Toshiba after part of Fujitsu hard drive production
By Gareth Powell
Japan’s Toshiba is in advanced talks to buy Fujitsu’s hard disk drive business. That would make it the world’s largest producer of small hard drives for consumer electronics.
The price is said to be around US$336m-$448m. For Fujitsu it means getting out of a loss-making hardware business. Toshiba becomes the biggest player in this field.
In a sense it has a two way bet going. Toshiba is one of the world’s largest makers of the ‘flash memory’ computer chips used for storage in mobile phones and digital cameras.
Flash memory is certain to expand more and more into notebook computers. Hard drives will continue, for the time being, to be for applications that need a lot of storage space, such as the servers used by big companies.
Fujitsu’s hard drives business has made lossesin the last couple of years because of a rapid fall in prices.
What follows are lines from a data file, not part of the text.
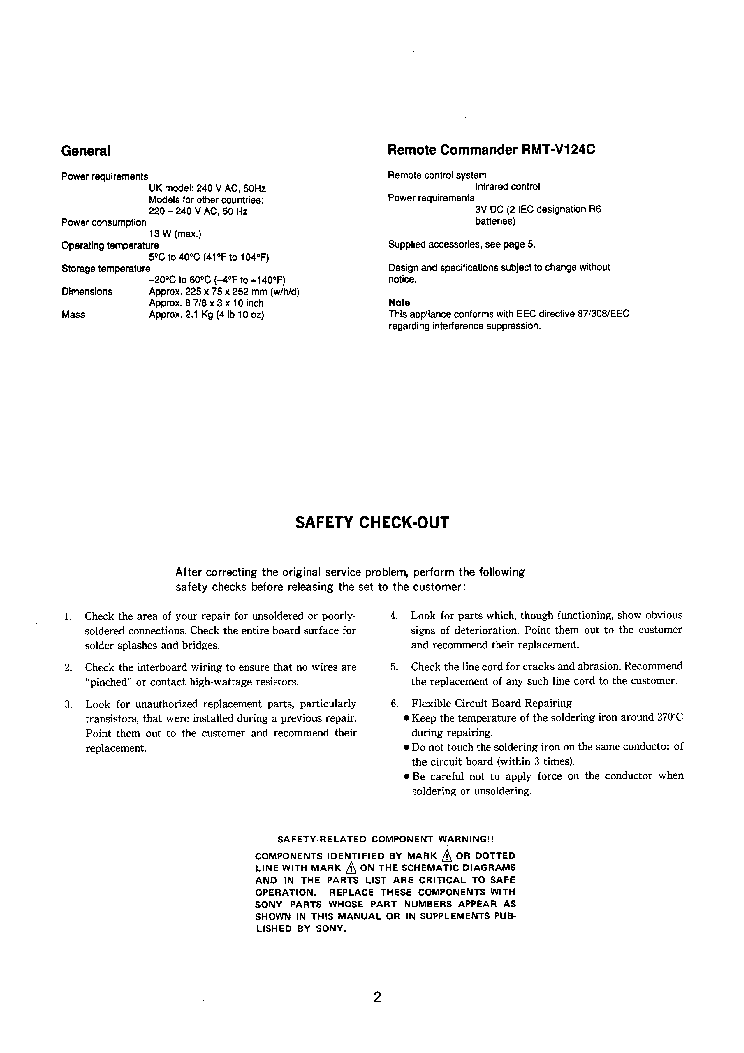 SONY EV-C500E service manual (2nd page)
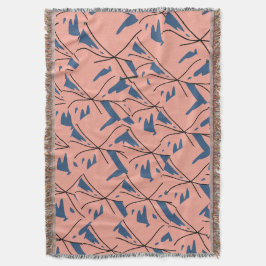 Modern Abstract Blue & Pink Geometric Pattern Flee Deken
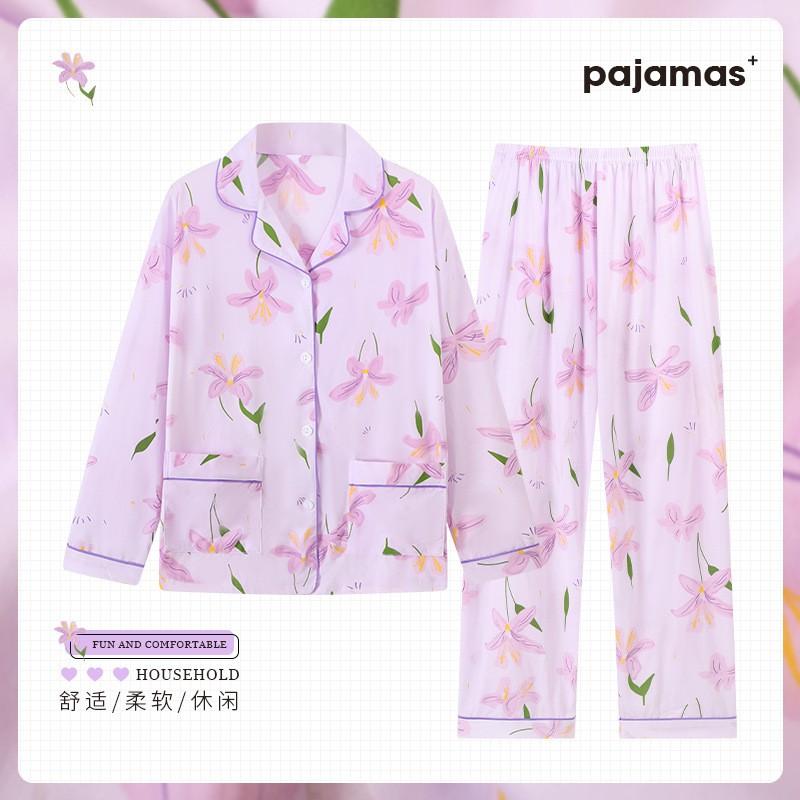 Womens Long Sleeve Pajama Set Faux Cotton Loungewear Ladies Thin Breathable Sleepwear Casual Home Wear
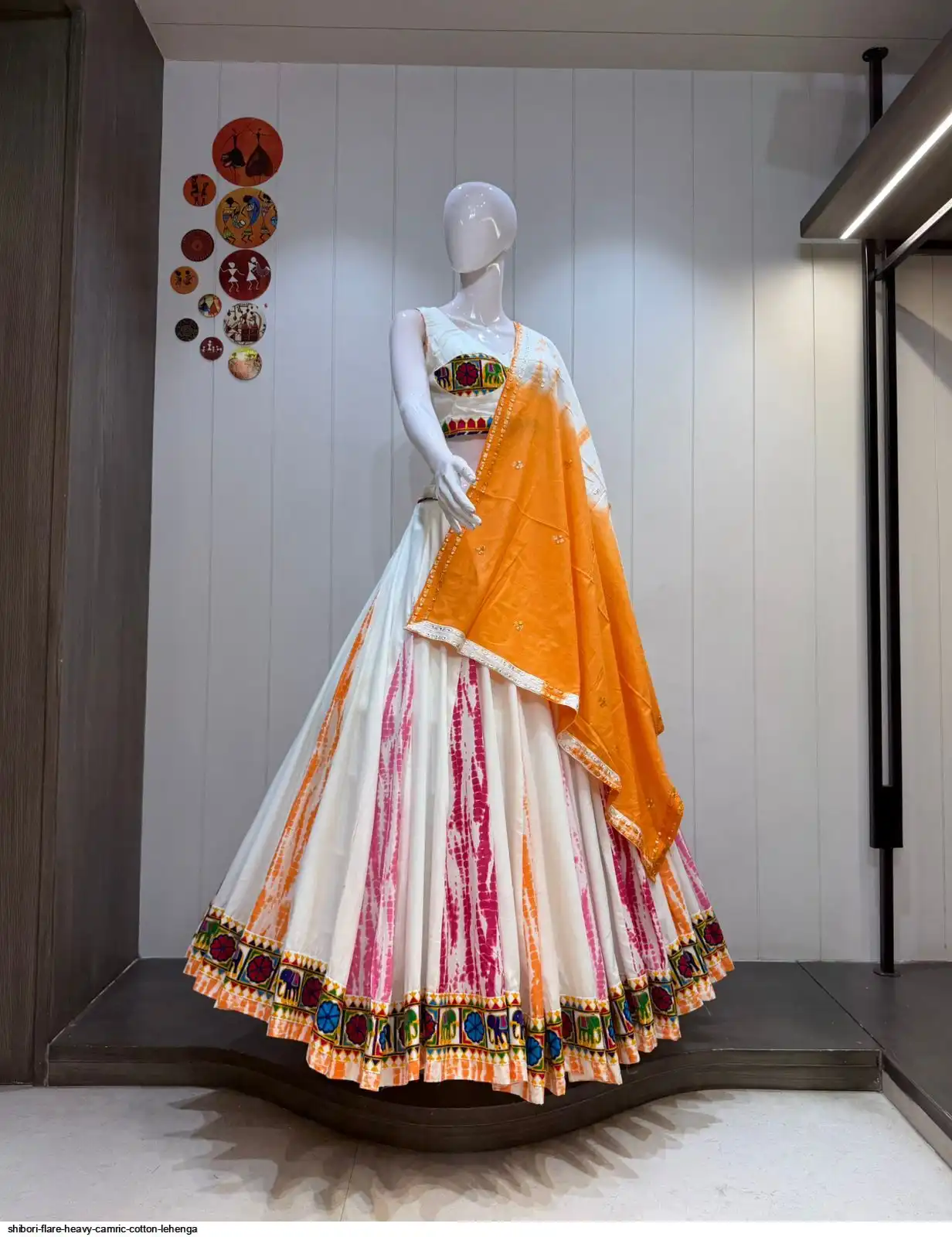 SHIBORI FLARE HEAVY CAMRIC COTTON LEHENGA 2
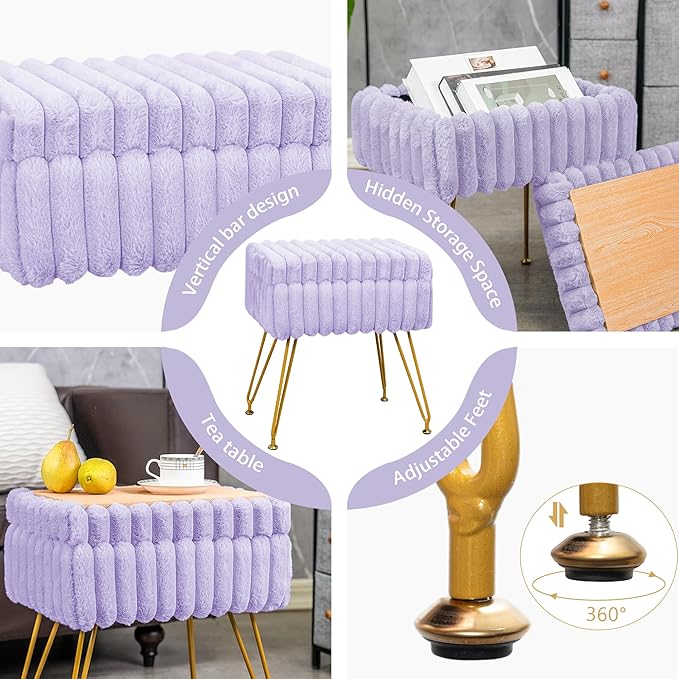 Faux Fur Vanity Stool Chair with Storage Ottoman, Vanity Chair for Makeup Room, Vanity Stools for Bedroom, Footrest with Metal Legs and as a Coffee Table, Purple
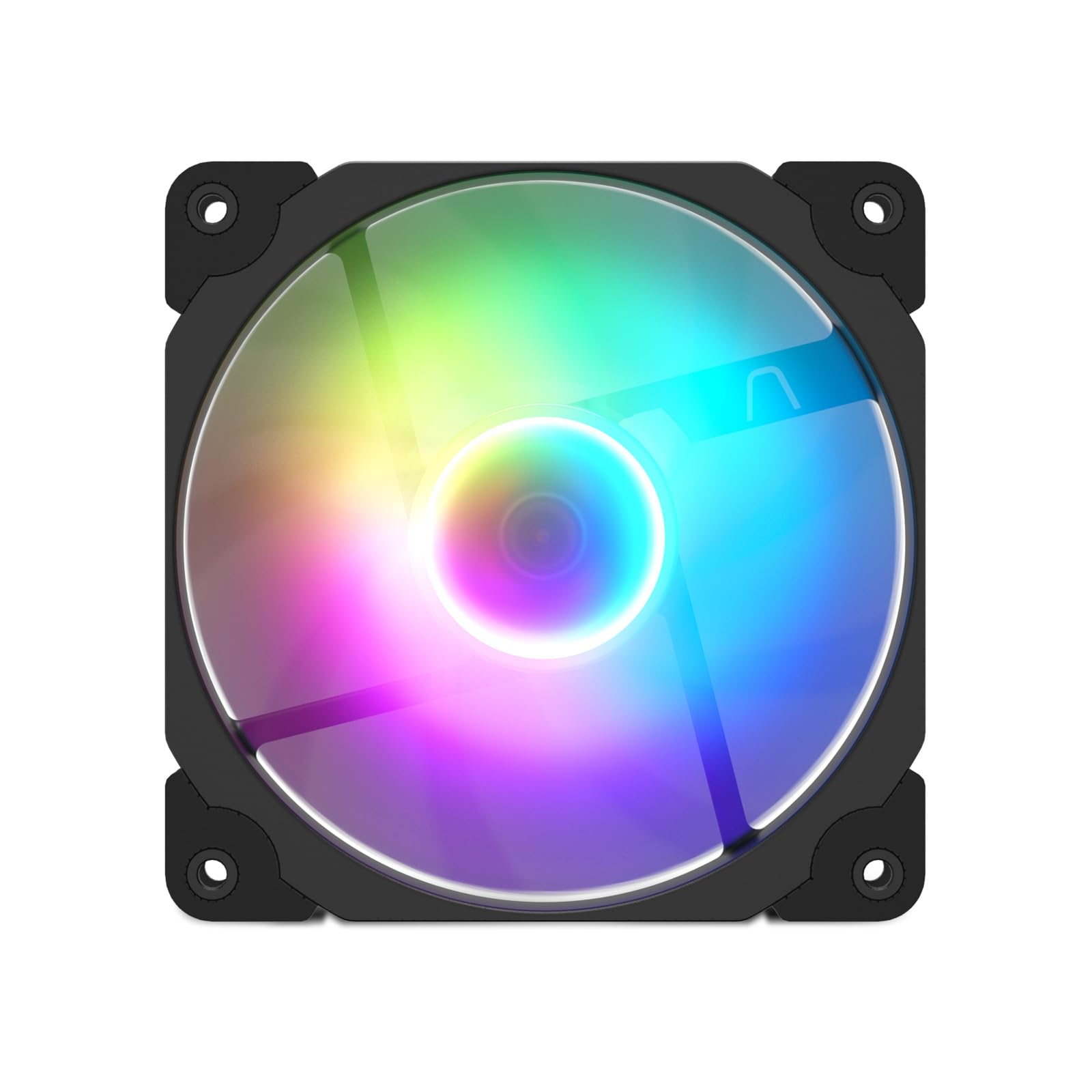 Vetroo 120mm Black High Airflow PC Case Fan with 5V 3-Pin ARGB and 4-Pin PWM for Optimal CPU Cooling - View 8 of 9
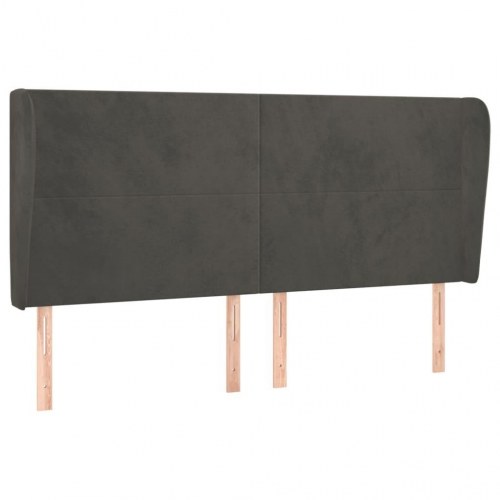 Sengegavl med kanter i fløjl 163 x 23 x 118/128 cm - mørkegrå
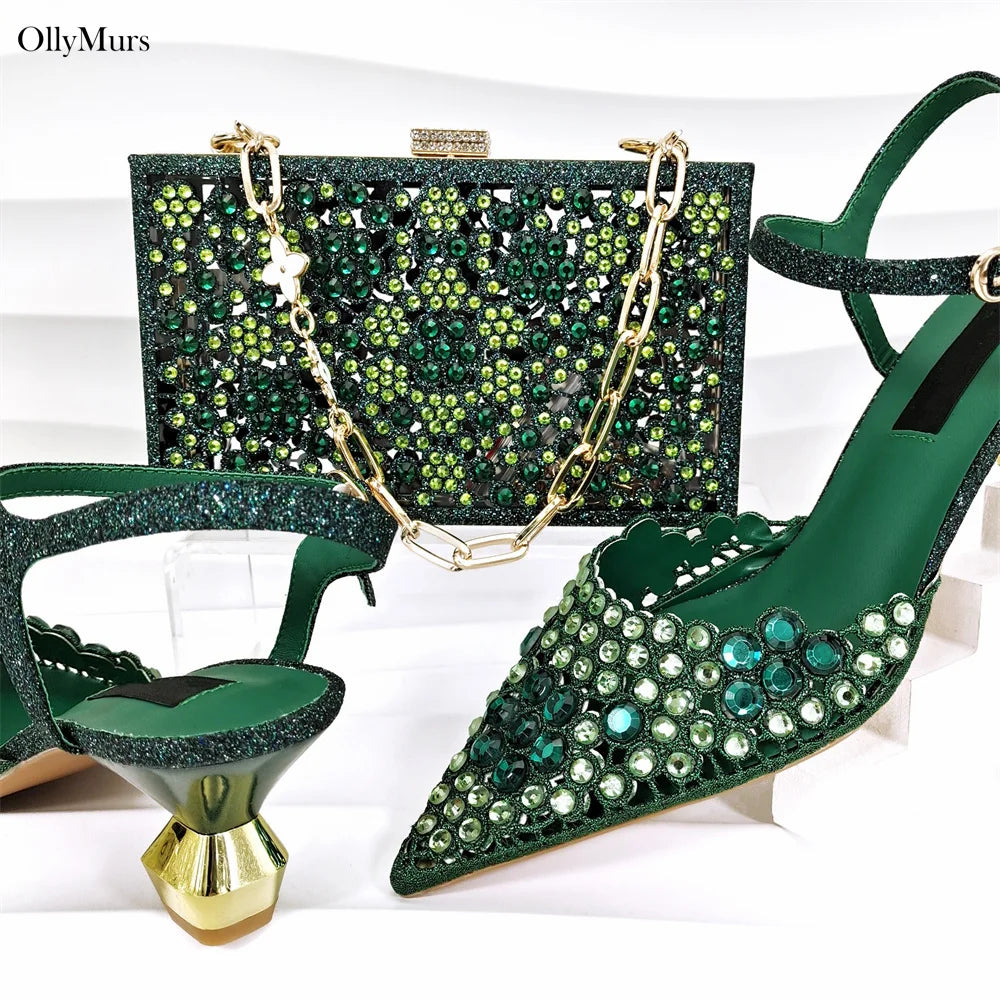 African Elegant Rhinestone Women Pumps Shoes And Bag Set Summer Fashion Sandal High Heels Shoes And Purse Set For Party Dress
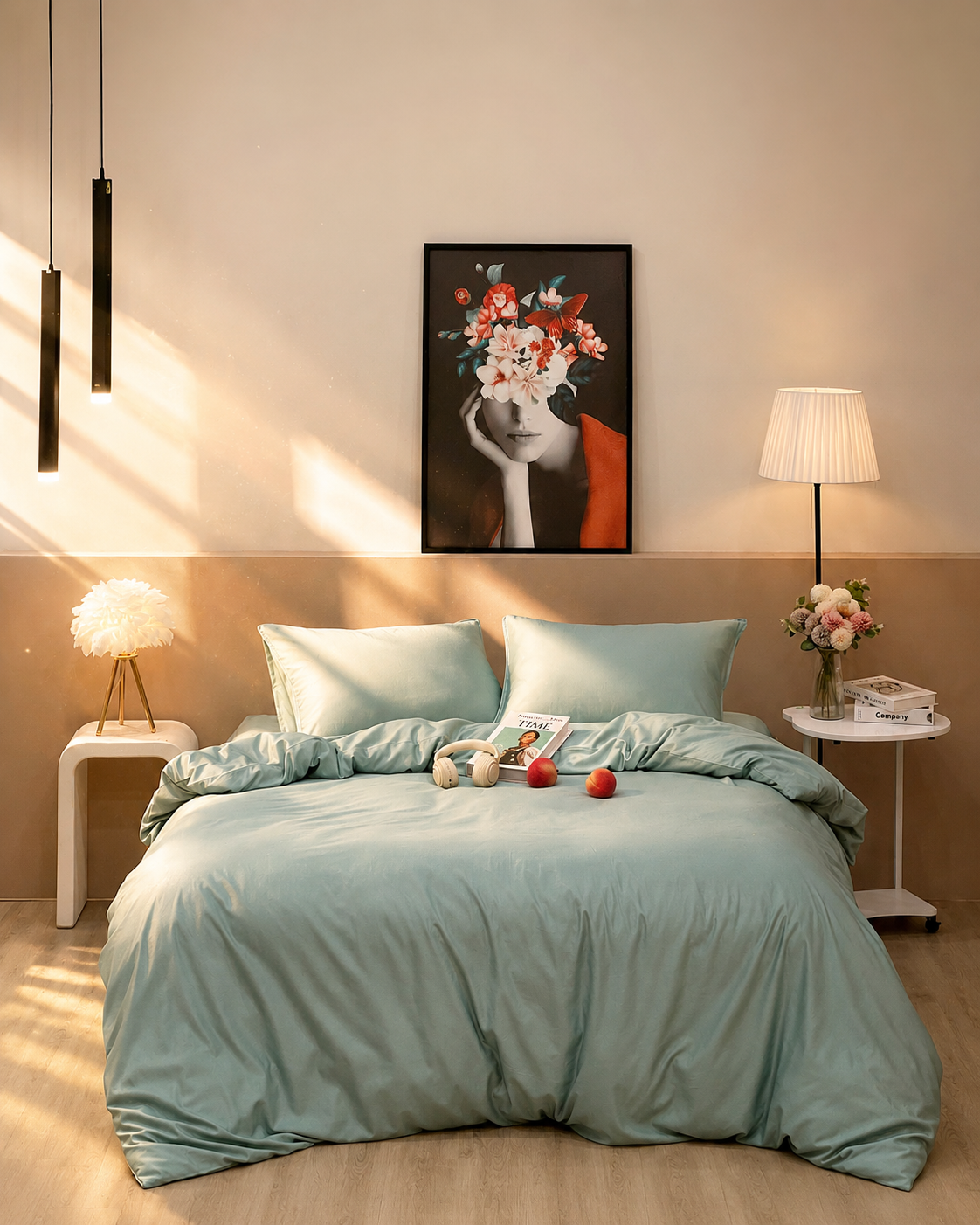 M11M14 – Bộ chăn ga gối Modal Microfiber màu xanh mint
Toshiba’s existing hard drives business is marginally profitable, but analysts expect it to lose money this year.
One concern wass how much Toshiba will be able to cut costs because it means a lot of Fujitsu employees will be in excess of requirements and Fujitsu is opposed to termination for any of its employees.
There is a way around this. Now Toshiba is only expected to buy Fujitsu’s hard disk assembly business, which has factories in Thailand and the Philippines, rather than the more sensitive Japanese factories.
Toshiba is also spending hundreds of millions of dollars to increase its share in a flash memory joint venture and build a lithium-ion battery business from scratch.